Но плохо ли, хорошо ли все-таки всюду жили люди. Какой-то мужичок на своей
телеге довез маму до лагеря, а рядом была деревня. Мама пошла по деревенским
домам. В ближайшей избе, когда она рассказала, откуда и к кому приехала, ее
пожалели, дали кружку молока и пшенной каши. А хлебушка, сказали, нет. Ее
приютили в углу, и она за долгое время впервые смогла улечься на лавке.
Утром пошла искать. Большущее пространство было огорожено высоким забором из
двойного ряда колючей проволоки, на углах стояли вышки с вооруженной
охраной. Она подошла к проходной. Там сидели солдаты и играли в козла. Она
не решалась заговорить с ними. Но через проходную шел здоровый, одетый в
аккуратную телогрейку парень. Он производил впечатление полной
независимости. Взглянул на нее, все понял и спросил: "К кому?" Оказалось,
что это лагерный нарядчик.
- А, Зубчанинов! Старик из конструкторского бюро? Он теперь бесконвойный,
ходит на стройку. Я его выведу.
Пошел в лагерь, и минут через двадцать - тридцать мама увидела человека с
наголо остриженной головой, с полуседой отросшей бородой в необычной, не по
росту рабочей одежде. Первые секунды она не могла сообразить, что это отец,
потом бросилась к нему на грудь и, дрожа и прижимаясь, заплакала от радости,
жалости и горя.
Нарядчик разнес новость о приезде жены к старику Зубчанинову по всему
конструкторскому бюро, и вскоре из лагеря вышли два хорошо знакомых по
Москве инженера. Они обеими руками жали мамину руку.
- Господи! Да вы знаете, Надежда Адриановна, куда вы приехали? Что по
сравнению с вашим подвигом воспетый в литературе подвиг княгини Волконской!
Ведь тут есть нечего!
Подошел и нарядчик. Он все знал и все умел устроить. Около лагеря стояли
бараки так называемых вольнонаемных и ссыльно поселенных, хотя и
беспартийных, но проживающих вне зоны. Бараки были разделены на комнаты.

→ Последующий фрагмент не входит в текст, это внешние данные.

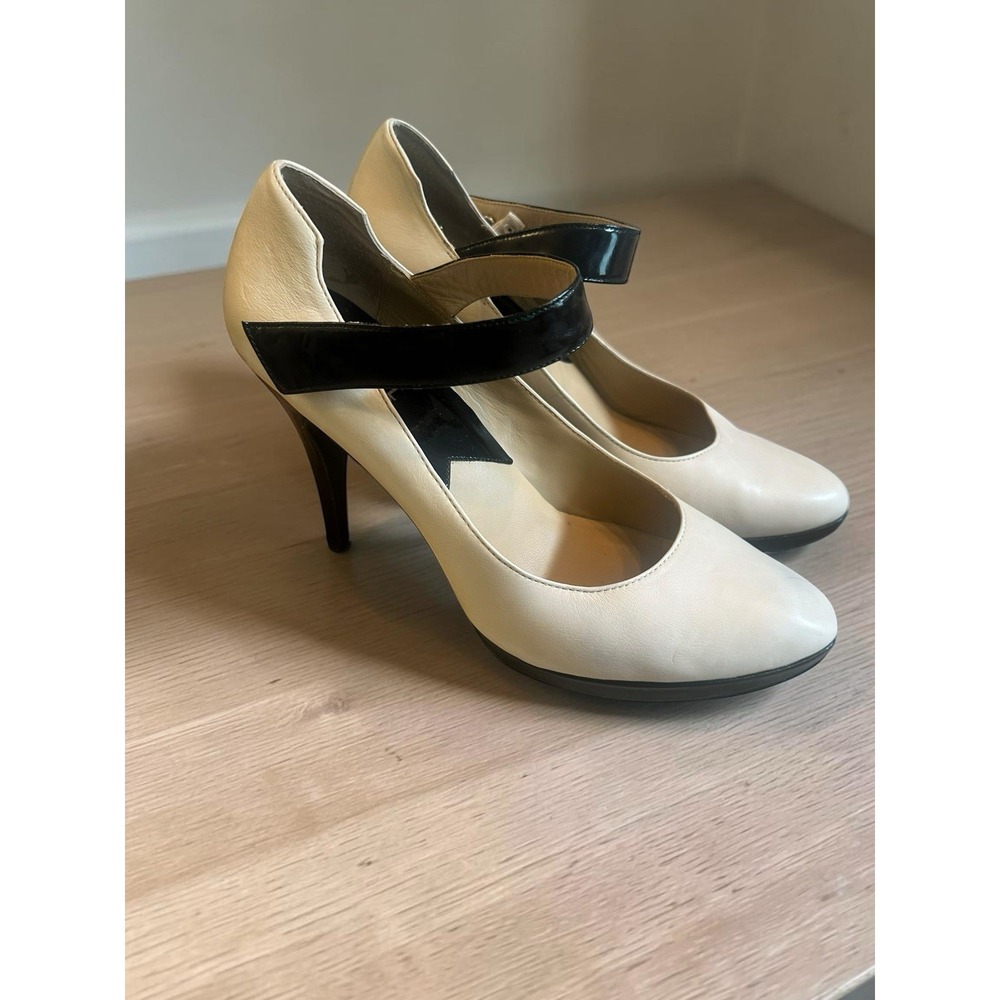 MICHAEL Michael Kors Mary Jane's Heels Size 11 Beige And Black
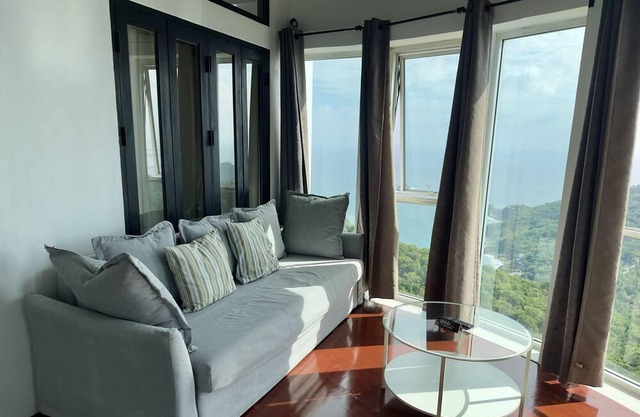 Top of the Rock Pool Villa, Koh Tao - 3BR - Sleeps 8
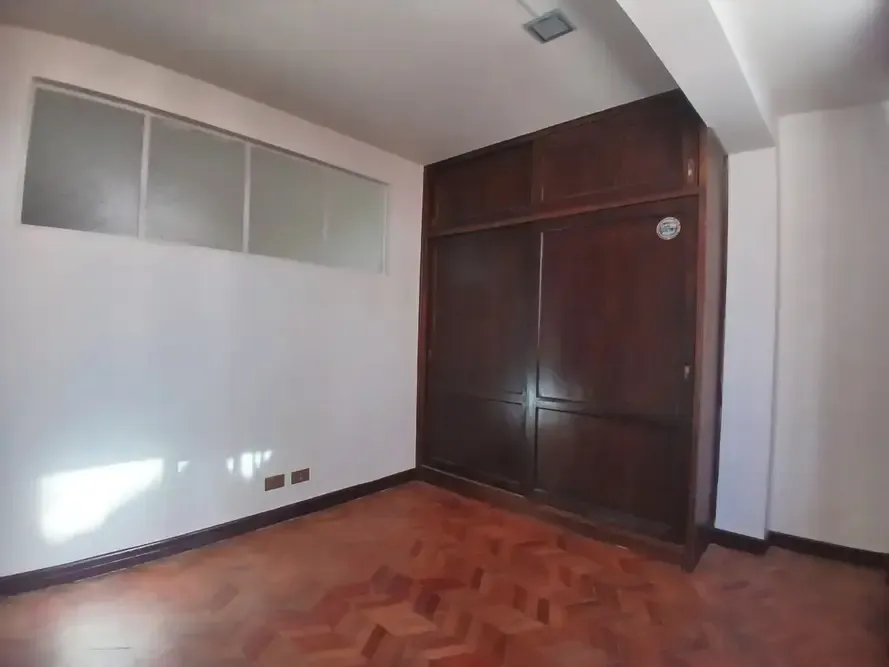 Foto 6 de Alquiler de departamento de 3 dormitorios en el centro de Oruro, 77,21 m²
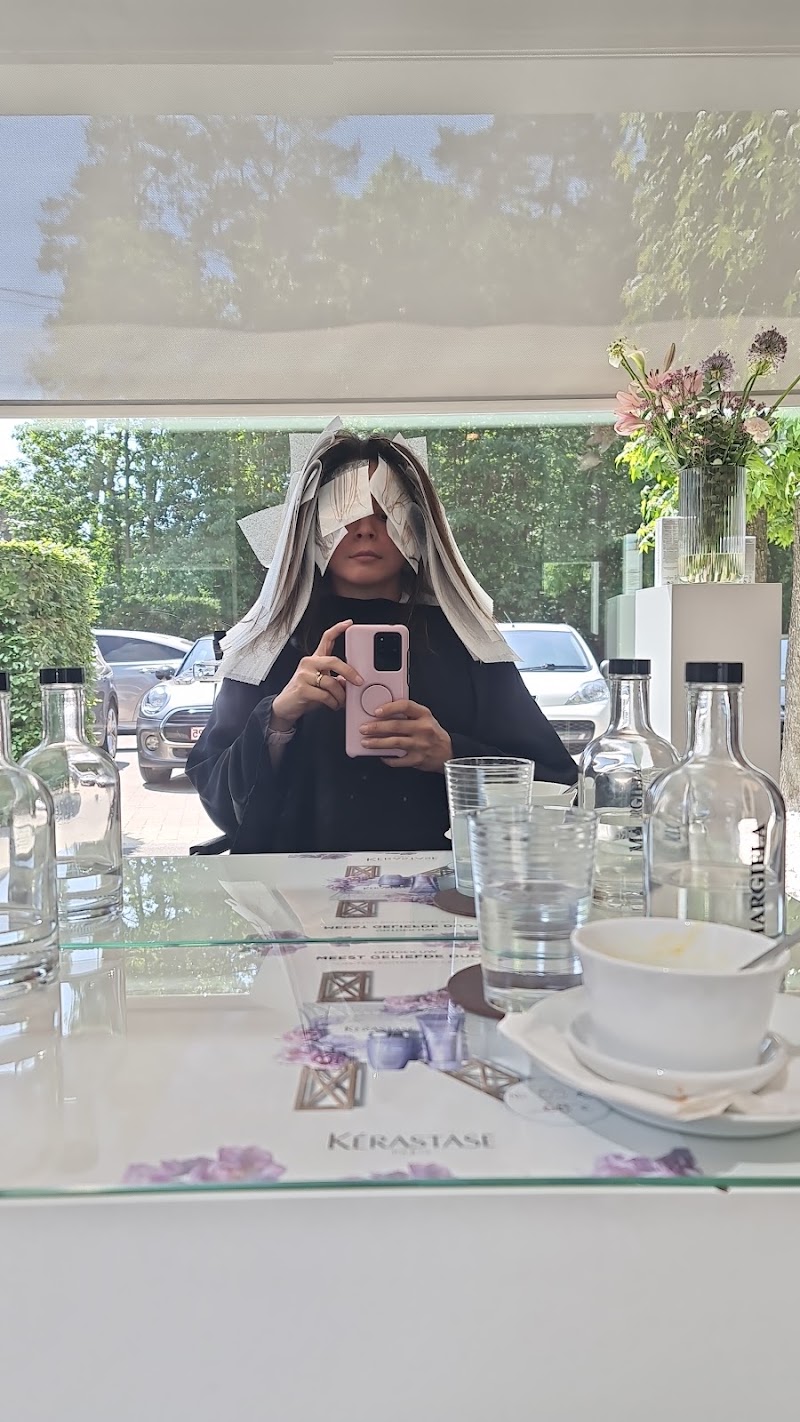 Luc Margiela Kapper - Coiffure Genk - Photo de couverture - OneBooking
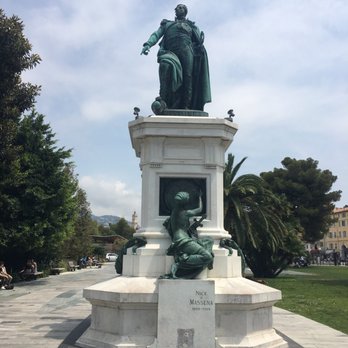 Forum Torrin & Grassi - Landmarks & Historical Buildings Near Me - Nice, 06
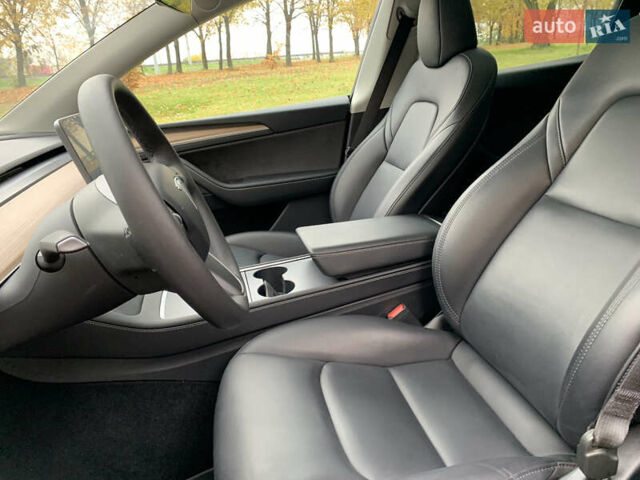 Серый Тесла Model Y, объемом двигателя 0 л и пробегом 14 тыс. км за 32300 $, фото 10 на Automoto.ua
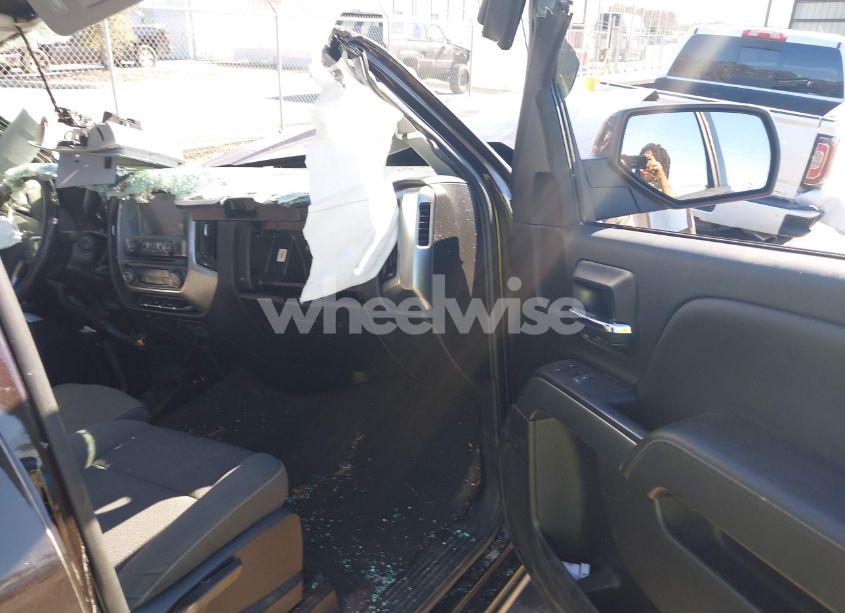 Photo 5 of 2019 Chevrolet Silverado 1500 LD LT (VIN 2GCRCPEC7K1120296)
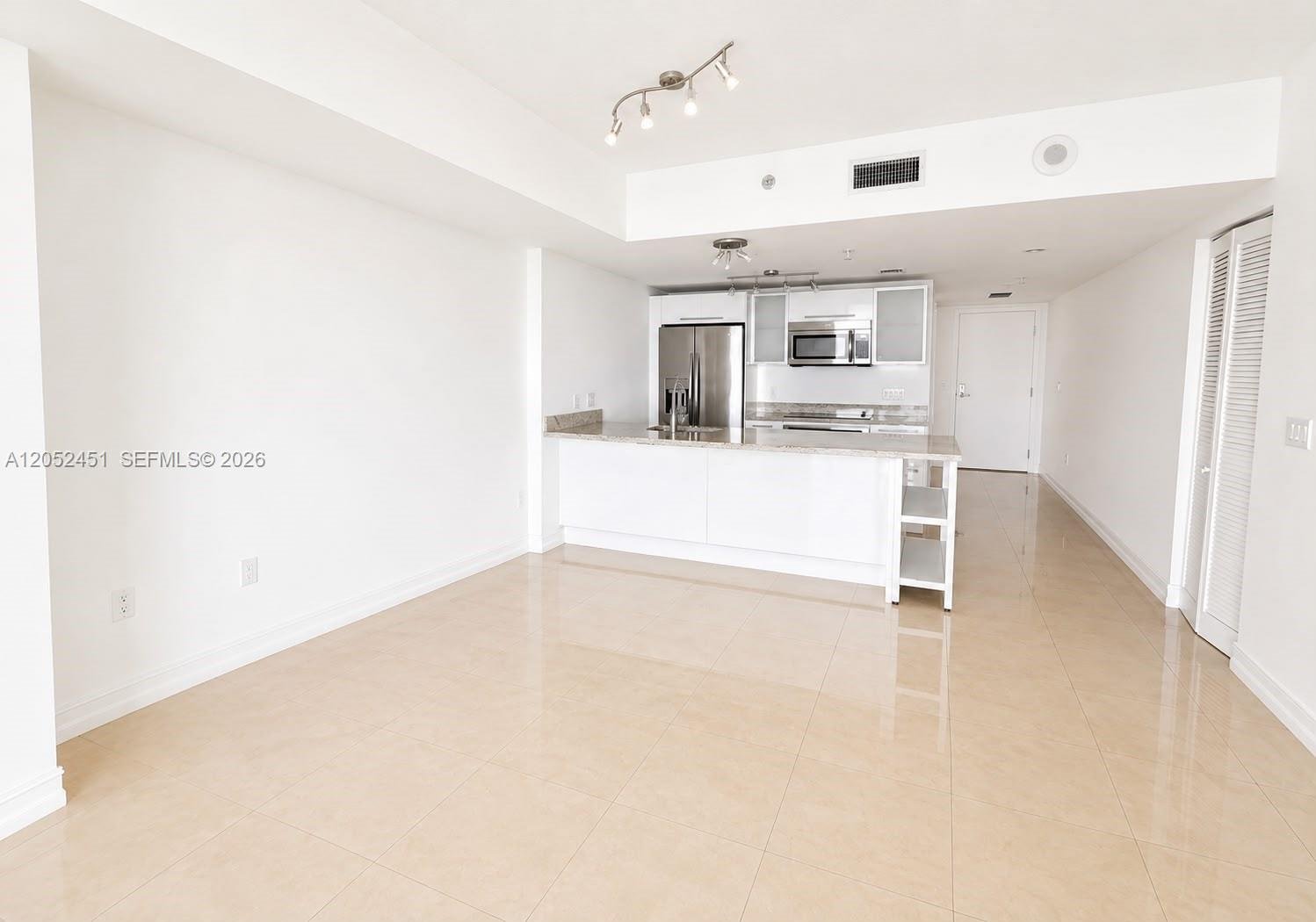 185 SW 7th St # 2505, Miami FL 33130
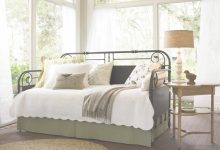Decorating A Bedroom With A Daybed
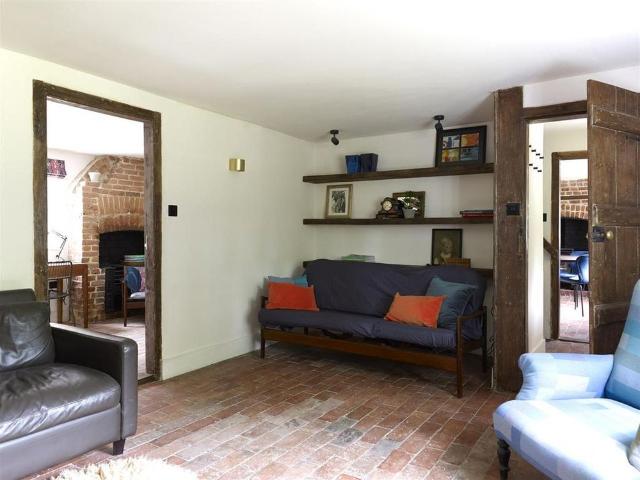 4 bedroom detached house to rent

Одна из них была разгорожена занавеской, за которой жила старуха - мать
хозяев, которая согласилась предоставить угол моей маме. Убогая и все-таки
радостная жизнь наладилась. Мама с отцом виделась каждый день. Он приносил
ей половину своей хлебной пайки. Они теперь не были разобщены.
Но в одну из очередных встреч его не вывели из лагеря. Оказалось, ночью его
взяли и увезли. Новый удар. Мама несколько дней подождала и вынуждена была
вернуться в Москву. Через пару месяцев стало известно, что отец условно
освобожден и назначен главным инженером крупнейшего Красавинского
льнокомбината. Он приехал в Москву, получил подъемные и вместе с мамой
отправился на новое место работы.
Сначала все шло очень хорошо. Добрый директор-пьяница относился к отцу с
большим уважением, старался создать ему нормальные условия. Но отцу уже
пошел седьмой десяток, и тащить громадный комбинат становилось трудней и
трудней. То не хватало рабочих, то недодавали сырья, то не было сменных
деталей для машин. А Москва требовала и требовала выполнения плана, ничего
не давала, не помогала, но бранилась, выговаривала и грозилась. Через год
сняли директора, назначили человека, который согласно тогдашней терминологии
мог "жать". Жать он стал, конечно, на главного инженера.
Отец стал добиваться освобождения от работы. Он надеялся, что скоро введут
пенсии. У какой-то старухи они сняли комнатку. "Будем жить тем, что Бог
даст. Будем ждать сыновей". Вдруг в одну из ночей к ним постучали, явились
трое в штатских пальто, но когда разделись, то все оказались в формах
офицеров государственной безопасности. Всю ночь они чего-то искали, все
перерыли и с рассветом отца увели. К девяти часам утра мама побежала к
тюрьме. Стала бегать каждое утро. Но вскоре ей сказали, что отец отправлен в
Вологду. Она поехала туда. Я не знаю, как она устроилась в этом чужом
городе. Каждый день с утра она была у тюрьмы. Через пару недель ей сказали,
что Василий Михайлович Зубчанинов скончался.